Exercise inputs:

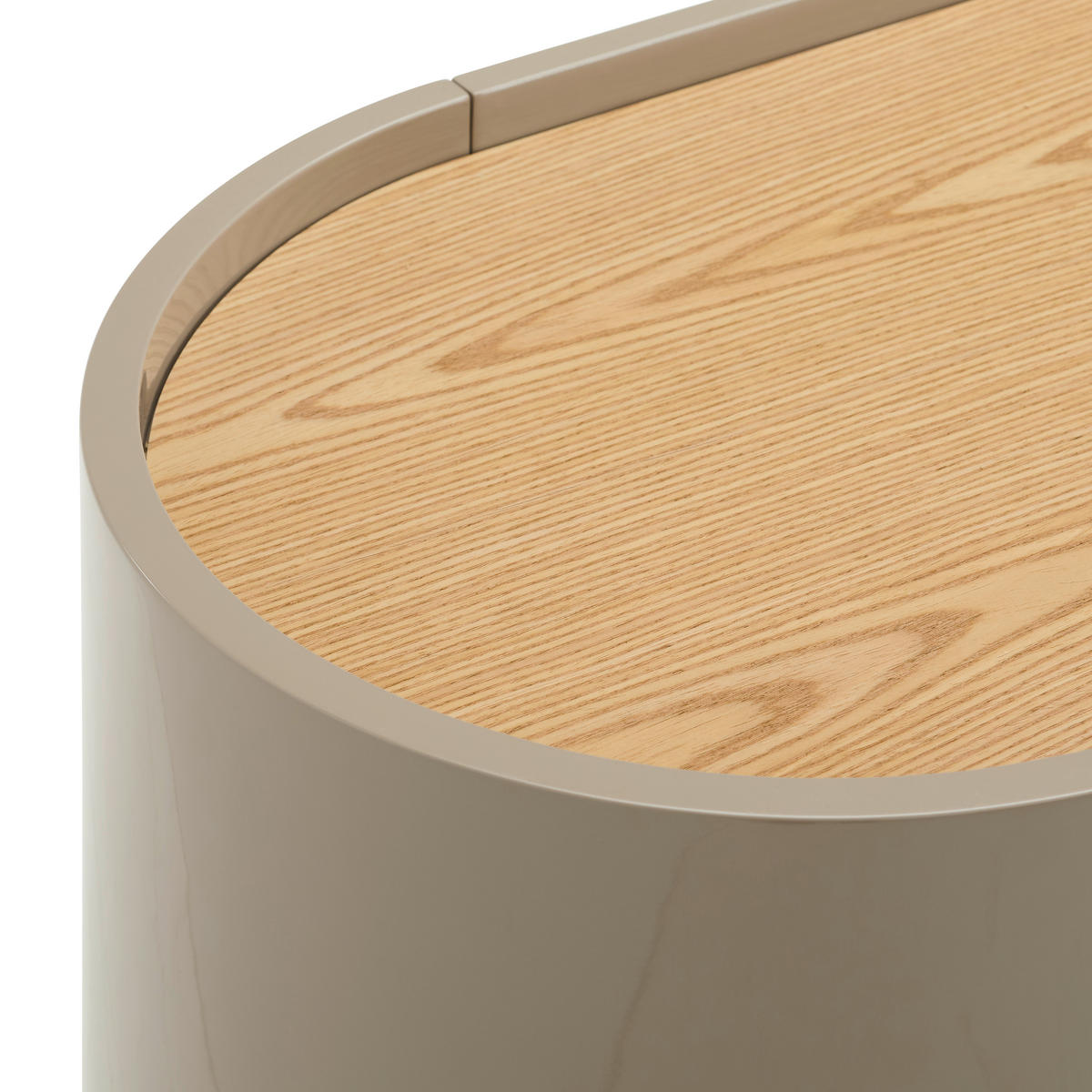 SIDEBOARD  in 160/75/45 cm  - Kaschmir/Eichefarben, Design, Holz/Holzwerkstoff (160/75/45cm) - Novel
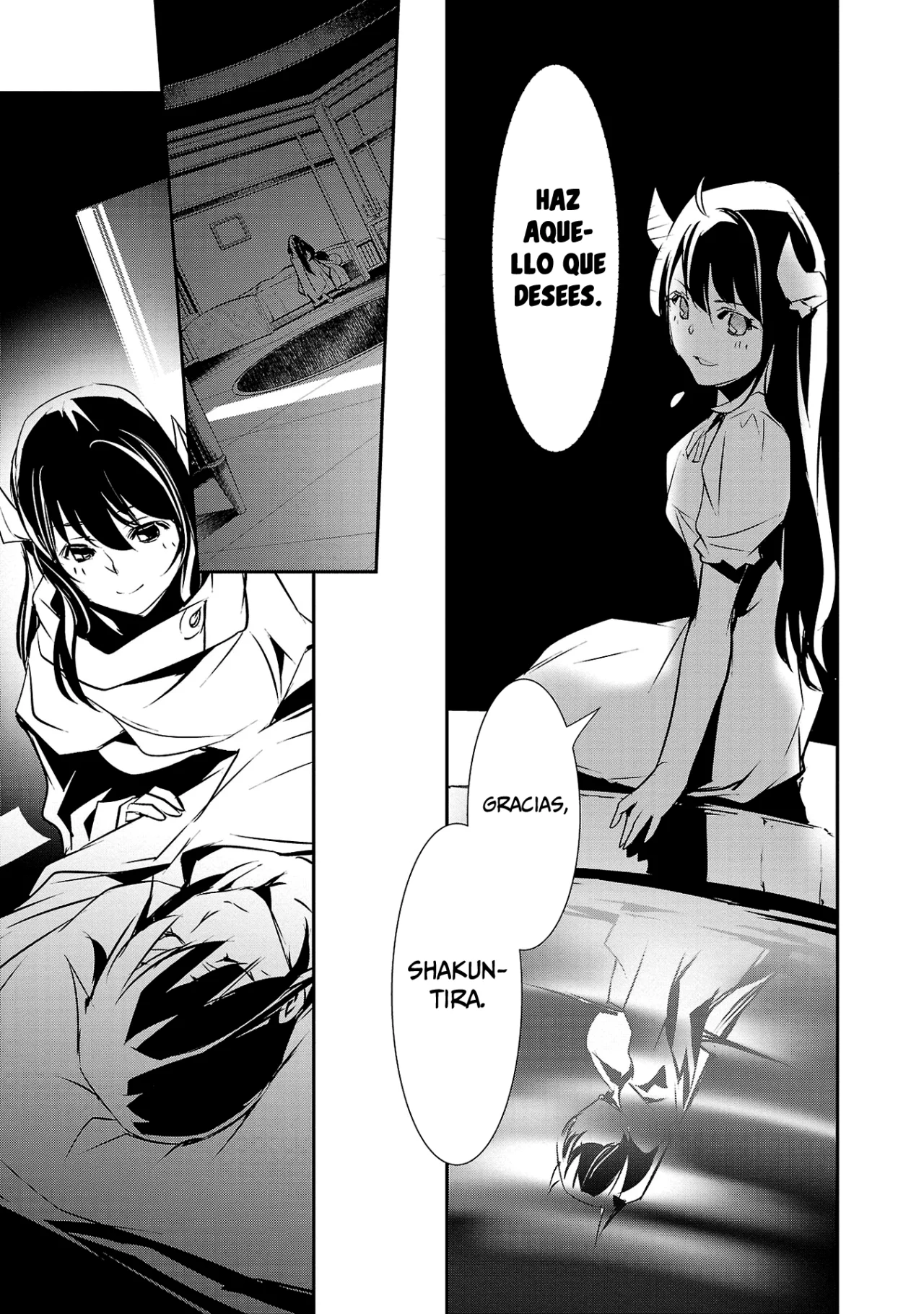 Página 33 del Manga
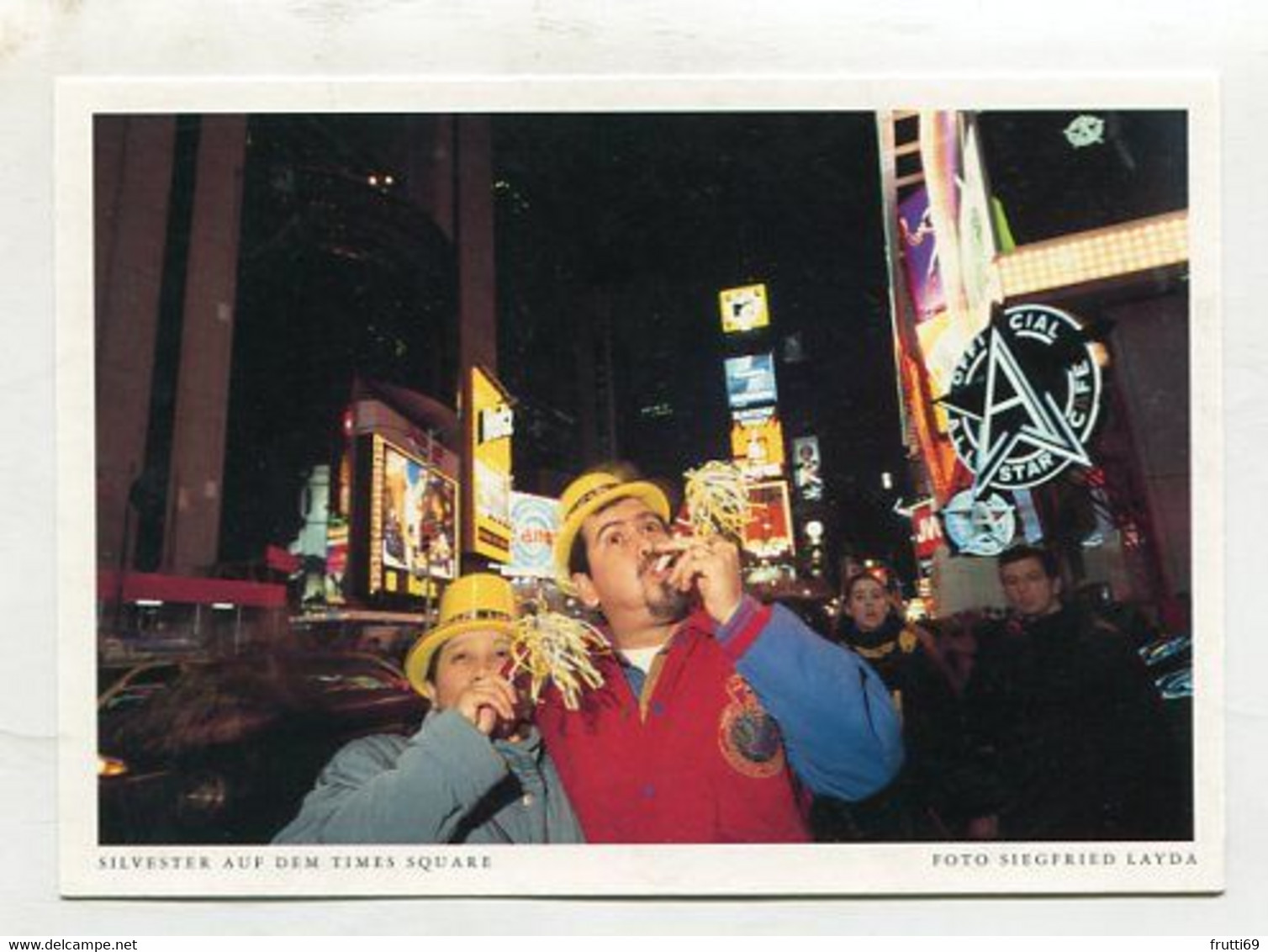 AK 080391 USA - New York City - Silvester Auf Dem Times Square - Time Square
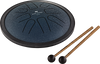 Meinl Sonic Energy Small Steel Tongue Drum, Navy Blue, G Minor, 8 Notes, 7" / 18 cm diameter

* * *

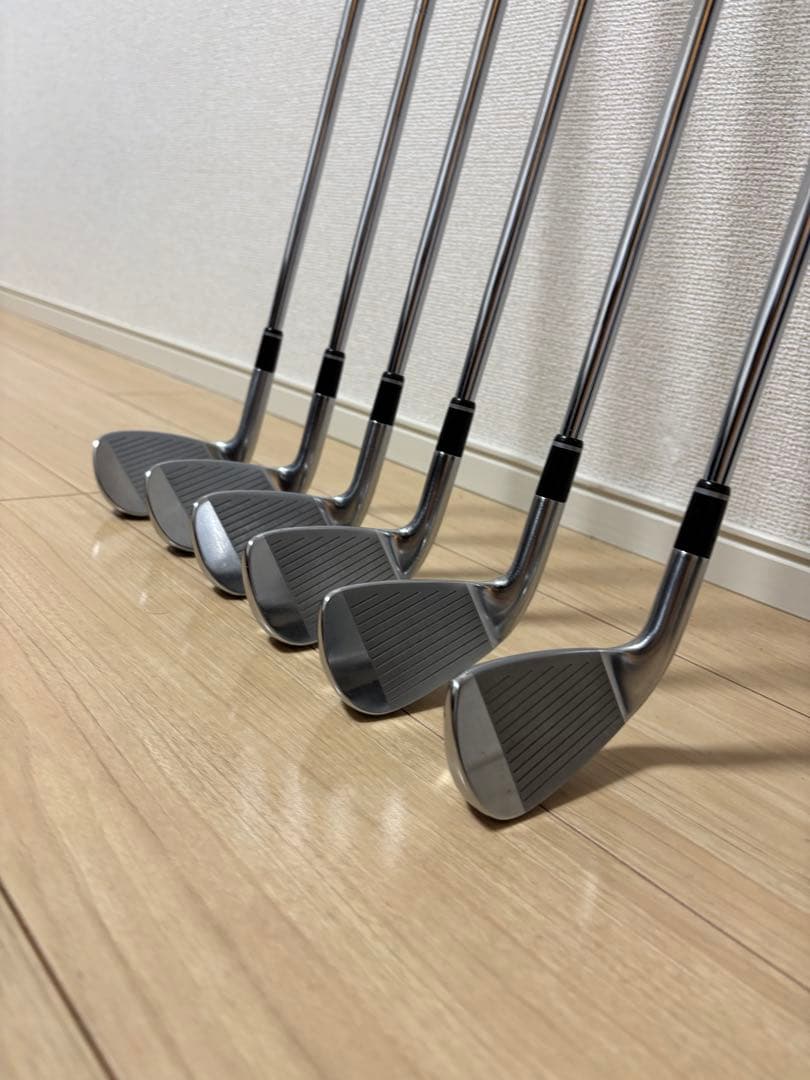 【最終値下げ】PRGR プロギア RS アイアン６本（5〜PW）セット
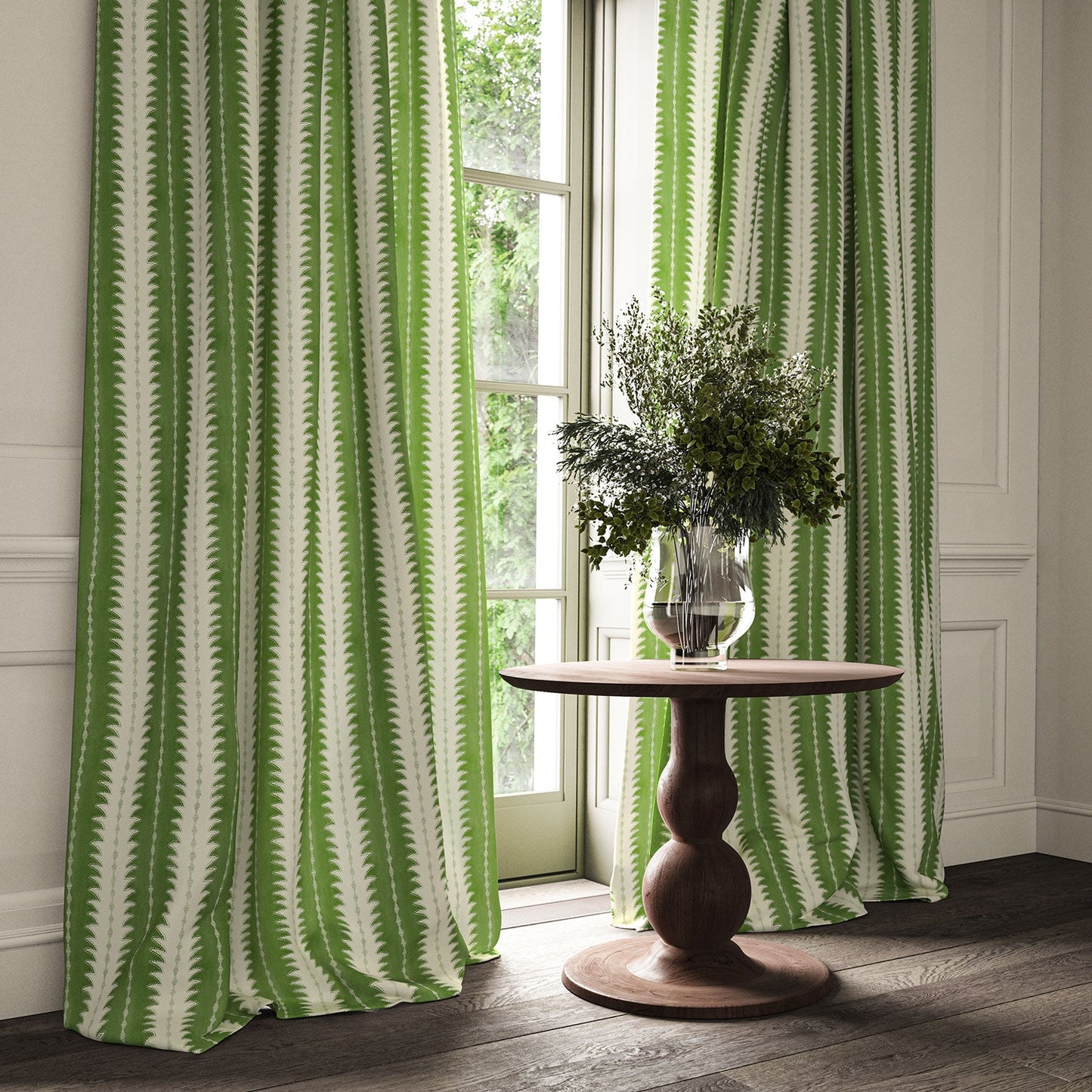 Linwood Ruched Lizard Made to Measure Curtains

What you will do: Begin at the line in the entries above that has "プロギア RS アイアン６本（5〜PW）セット", stop after the line that has "Linwood Ruched Lizard", and output exactly those lines without pictures.

Solution to this problem:
 【最終値下げ】PRGR プロギア RS アイアン６本（5〜PW）セット
 Linwood Ruched Lizard Made to Measure Curtains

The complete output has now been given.